*Task directions*
The expected output is the data below, character for character, without its pictures.

*Given material*
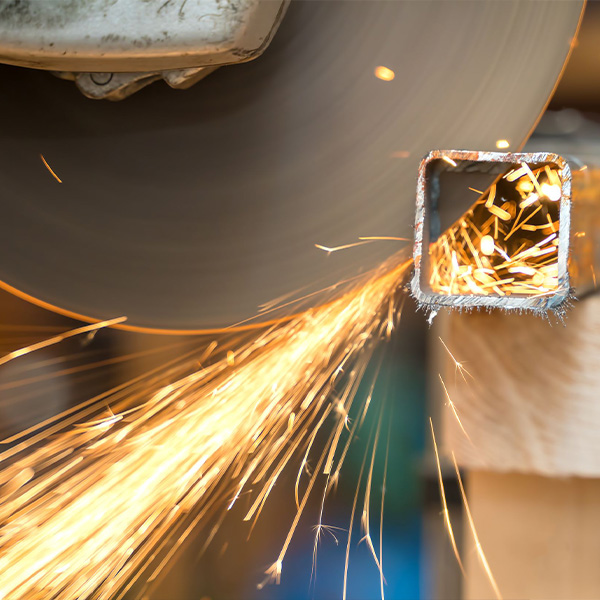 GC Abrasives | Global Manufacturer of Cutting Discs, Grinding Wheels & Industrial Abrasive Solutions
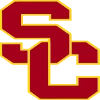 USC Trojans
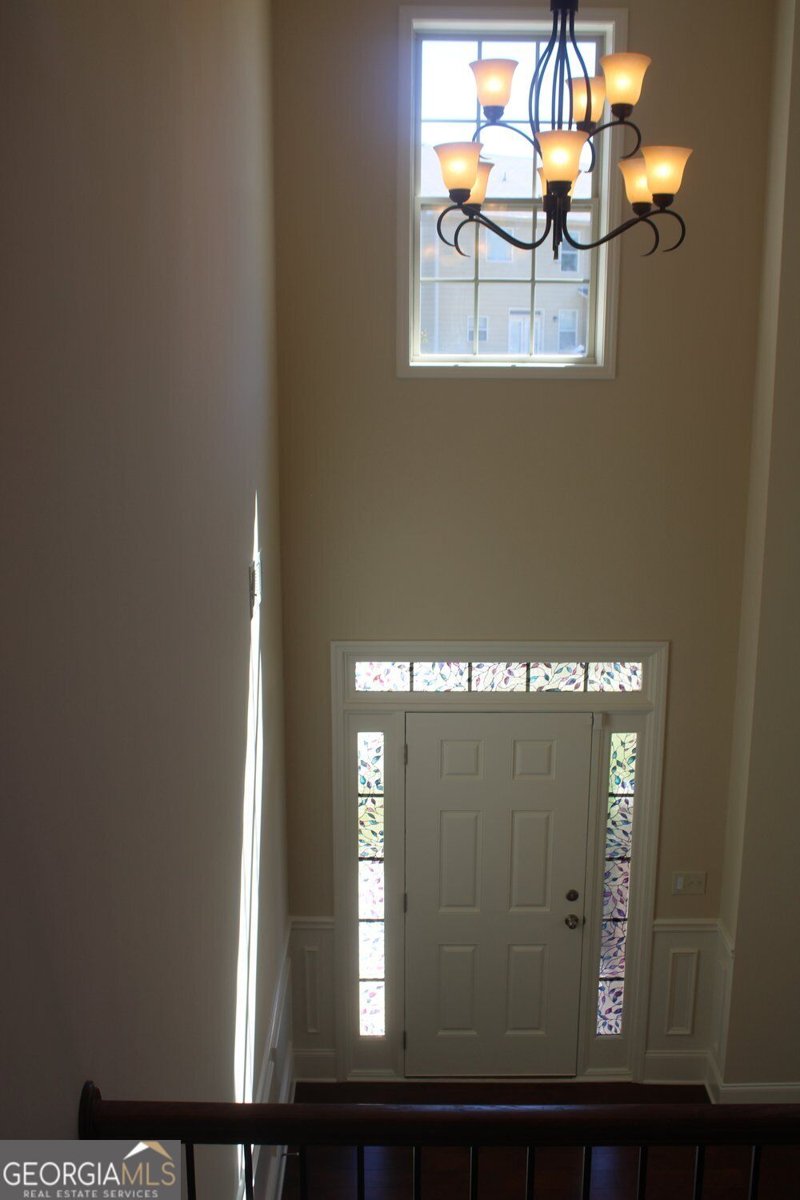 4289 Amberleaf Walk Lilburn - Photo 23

*Task response*
 GC Abrasives | Global Manufacturer of Cutting Discs, Grinding Wheels & Industrial Abrasive Solutions
 USC Trojans
 4289 Amberleaf Walk Lilburn - Photo 23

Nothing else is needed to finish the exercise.